Category: apraxia blog

  • Global apraxia, you brought your “A game,” but my daughter’s game is better.

    Global apraxia, you brought your “A game,” but my daughter’s game is better.

    My friend introduced me to an AWESOME website call “The Mighty.”  During the month of March, they challenged readers to write an open letter to a disability that a loved one faces.  I have no idea if I’ll get accepted, but hey, at least I have a blog.  For as much writing I do about apraxia, it was definitely high time to talk to apraxia myself.

    Hello apraxia.  Hello global apraxia.  It’s hard to believe we’ve never talked, especialaughlly since I’ve certainly done my fair share of talking about you.  When I gazed into my new baby girl’s eyes, and laughed along happily to her hearty giggles, I had no idea then that you were there, lurking in the shadows.

    The day I discovered you were behind the delayed motor milestones and the lack of speech I cried heavy tears and felt a weight I don’t think I quite have shaken yet.  You certainly brought your “A game” global apraxia.  I hate to admit I have felt defeated by you before.  However, you never managed to crush a small little girl’s determination, attitude, resilience and perseverence.  We are told you will never go away.  Anything requiring a motor plan will always take “more repetition than most.”  Oh how many times have we heard that?  I hated you once.  I hated watching my baby girl struggle to: speak, to jump, to ride her bike, to drink without choking.
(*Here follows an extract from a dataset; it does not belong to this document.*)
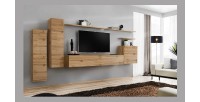 Ensemble de meubles de salon collection SWITCH I design, coloris chêne Wotan.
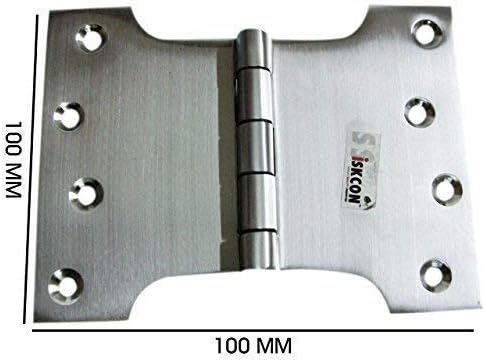 SSISKCON 4 inch x 4 inch Parliament Door Hinge Wide Stainless Steel - Image 3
In fact I still hate you as I continue to see her struggle to: dress herself, feed herself, and write her name.  In fact, I don’t think I’ll ever quite forgive you when I think about the day she almost drowned.

    Mostly though, I feel sorry for you.  You have no more power here in this house, because my little girl has shown she can beat you time and time again.  She is a hero who wins daily, weekly, and monthly battles, and that winning is something you will never know.  Bet you didn’t expect something so strong to come out of something so small did you?   Well, we actually have that in common.  My daughter’s bramightyvery took me by surprise too.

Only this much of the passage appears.